About 97% of all forex traders fail to grow their accounts over time, let alone make a living from trading. Even if the trader applies a very effective system in their trading, the key reason most traders fail is because of their trading attitude and mindset.

This is an obvious but important nugget of forex wisdom: You can’t predict where the price will go! Most traders trade with the attitude of trying to predict the direction of a trade. They will have that idea in mind and they will act according to what they think the price will move to. They then get prejudiced about the trade. Even if the trader claims to be trading their “system”, the action of trading now has a subconscious expectation.

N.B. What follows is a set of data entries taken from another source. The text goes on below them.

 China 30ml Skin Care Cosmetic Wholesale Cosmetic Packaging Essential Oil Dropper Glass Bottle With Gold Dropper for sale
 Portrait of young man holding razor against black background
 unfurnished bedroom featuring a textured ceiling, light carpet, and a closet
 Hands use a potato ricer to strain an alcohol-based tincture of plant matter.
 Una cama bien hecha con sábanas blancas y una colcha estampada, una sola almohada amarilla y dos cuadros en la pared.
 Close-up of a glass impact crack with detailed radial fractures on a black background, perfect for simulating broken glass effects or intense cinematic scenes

A great piece of advice for trading is: Have faith on your forex trading system, and set your stop losses so that no more than 2% to 3% of your account is at risk at any one trade. Once a trade signal has been given according to your trading system, you simply forget about guessing the outcome of the trade. You then commit to it. Don’t get out of the position for fear of losing. The trade will either get stopped out or gain pips. Once the trade is triggered you simply let it be and let it go. You will have losing trades, it’s inevitable. If you let your winners run and make sure your stop losses are figured out, eventually your winners will recoup your losses from the stopped out trades. You have to learn how to simply accept the stop losses and be able to keep on placing trades when setups and signals occur.

Having this mindset will enable the trader to not pull out of trades prematurely, and it will also help the trader not rush into placing trades. The attitude is a type of “letting go”. Your job is to implement the trading system as accurately as possible, and be able to correctly interpret the indicators on your chart.

Other Great Tips and Habits to Develop

a) When you get 2 or 3 losing trades in a row, keep on trading the system until you get a winning trade., making sure to wait for the entry signals.
b) When you get a streak of 2 or 3 winning trades, stop. Winning opens you up to the dangers of over-trading.
c) Always wait 1 to 2 hours after winning a trade to place the next one.

Remember to keep your emotions in check, and realize that there are abundant opportunities during your trading day to get some pips!